# TASK DESCRIPTION
Every line below from the one with "DIDO Manteau en simili suede Tabac Suncoo" through the one with "MOEX 2x Nokia" should be retyped exactly, both ends included; no other lines and no pictures.

# TASK INPUTS
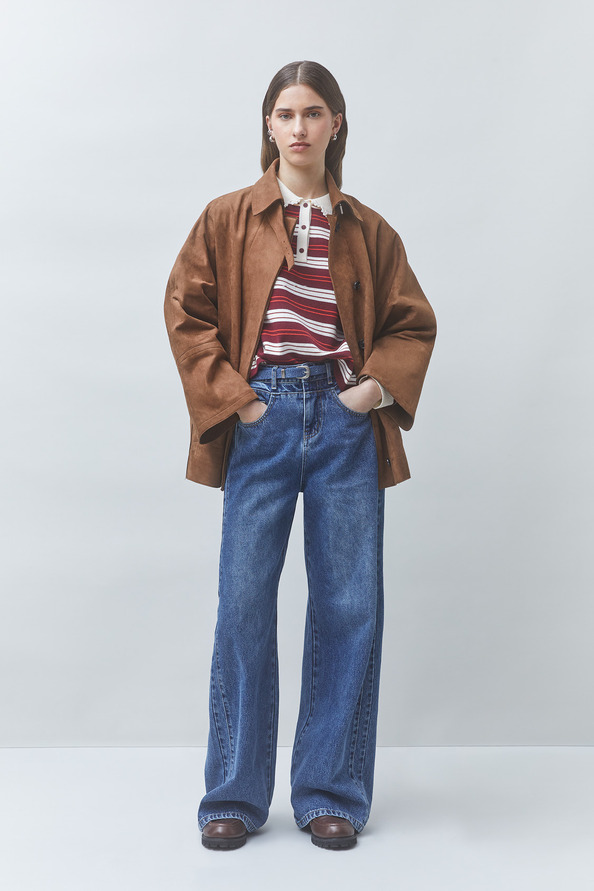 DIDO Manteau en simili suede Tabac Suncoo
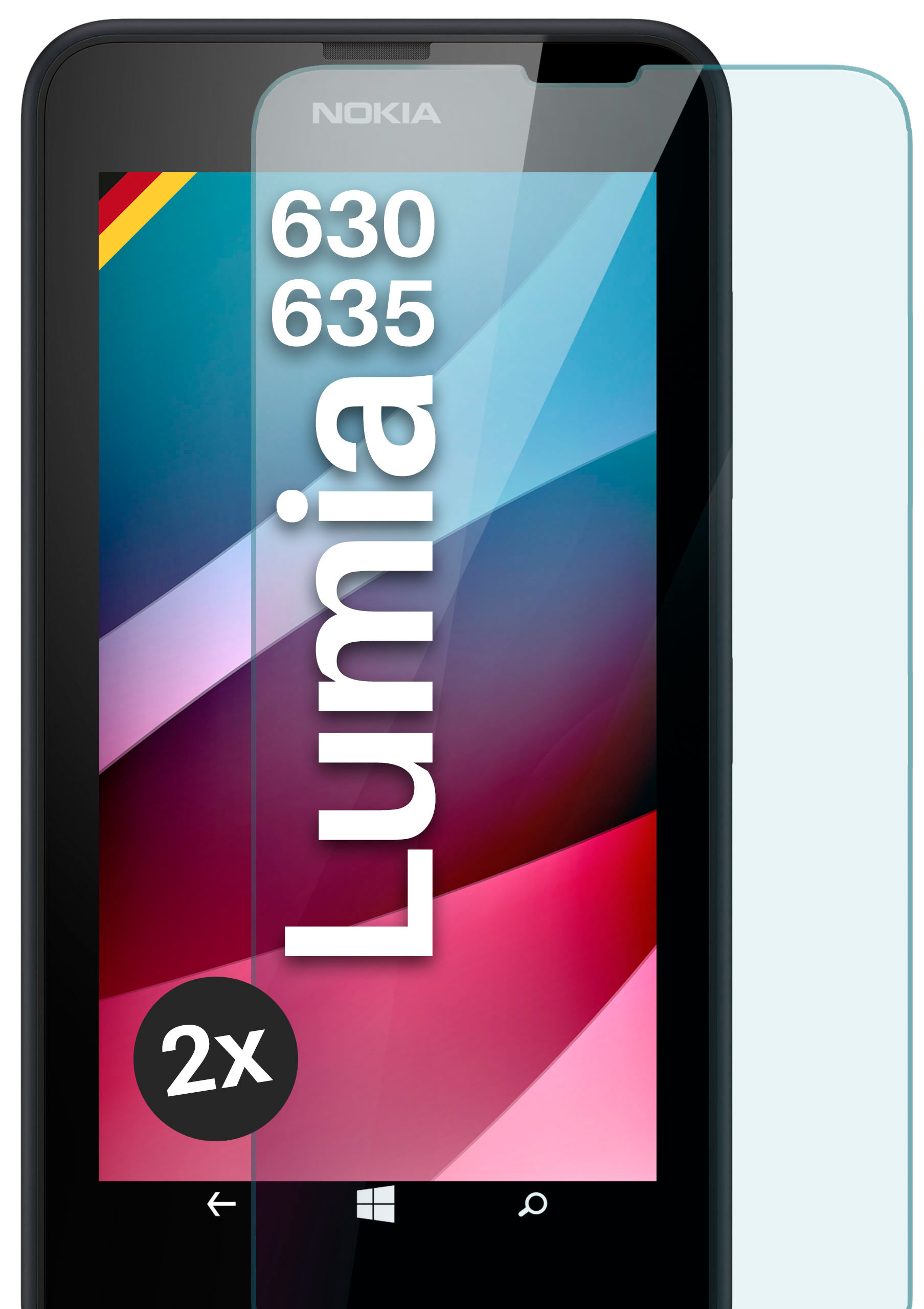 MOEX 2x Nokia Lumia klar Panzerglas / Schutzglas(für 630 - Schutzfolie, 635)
--
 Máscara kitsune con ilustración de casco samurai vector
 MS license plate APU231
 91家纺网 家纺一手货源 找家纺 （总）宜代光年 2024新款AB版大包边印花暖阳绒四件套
---
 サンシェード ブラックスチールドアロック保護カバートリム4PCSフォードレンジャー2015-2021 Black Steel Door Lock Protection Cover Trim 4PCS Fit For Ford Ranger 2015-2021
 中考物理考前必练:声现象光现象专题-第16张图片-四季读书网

# ANSWER SECTION
 DIDO Manteau en simili suede Tabac Suncoo
 MOEX 2x Nokia Lumia klar Panzerglas / Schutzglas(für 630 - Schutzfolie, 635)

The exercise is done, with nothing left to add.